From Fig. 1, the more labeled data we have, the lower cost we can achieve, in most cases. We also notice that SF_CSSI outperformed other CSLS, CSFS and CSEFS methods on almost all cases, which indicates that CSLS, CSFS and CSEFS can be improved with unlabeled data. This verifies the effectiveness of the semi-supervised feature selection method.

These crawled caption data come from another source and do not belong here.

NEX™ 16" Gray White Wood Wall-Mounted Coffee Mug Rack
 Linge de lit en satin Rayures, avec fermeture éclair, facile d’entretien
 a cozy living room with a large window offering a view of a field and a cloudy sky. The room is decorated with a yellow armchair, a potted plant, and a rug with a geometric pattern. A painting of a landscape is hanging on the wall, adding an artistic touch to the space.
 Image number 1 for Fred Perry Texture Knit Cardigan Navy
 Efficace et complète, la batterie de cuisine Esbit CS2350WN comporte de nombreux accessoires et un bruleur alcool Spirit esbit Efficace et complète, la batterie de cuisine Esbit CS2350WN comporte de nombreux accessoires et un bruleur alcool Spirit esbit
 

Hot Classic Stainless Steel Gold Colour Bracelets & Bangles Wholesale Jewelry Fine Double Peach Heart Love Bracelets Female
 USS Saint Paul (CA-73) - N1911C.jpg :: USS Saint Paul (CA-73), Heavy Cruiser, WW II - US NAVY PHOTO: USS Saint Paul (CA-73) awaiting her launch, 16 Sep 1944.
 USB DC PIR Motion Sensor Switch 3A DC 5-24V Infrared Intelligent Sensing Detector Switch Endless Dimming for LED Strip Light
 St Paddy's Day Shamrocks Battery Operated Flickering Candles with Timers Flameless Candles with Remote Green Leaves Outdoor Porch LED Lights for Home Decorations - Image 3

In addition, the proposed method has the minimum total cost on most cases, especially in Hill-without data set.

3.4 Conclusion

This paper considers the misclassification and the structural information of the paired samples on each feature dimension. In addition, the information theory method is used to introduce a feature information matrix to simultaneously maximize joint relevancy of different pairwise feature combinations in relation to the target feature graphs and minimize redundancy among selected features. Compared with previous research on semi-supervised feature selection, this paper comprehensively considers the cost of misclassification, the structure information of paired samples on the feature dimension, and the information relationship of paired features. In general, it is more interpretable and generalizable for our method than others in this paper. Experiments on 8 real data sets show that the proposed method has better feature selection results.

In future work, we will try to extend our method to conduct a cost-sensitive multi-class classification.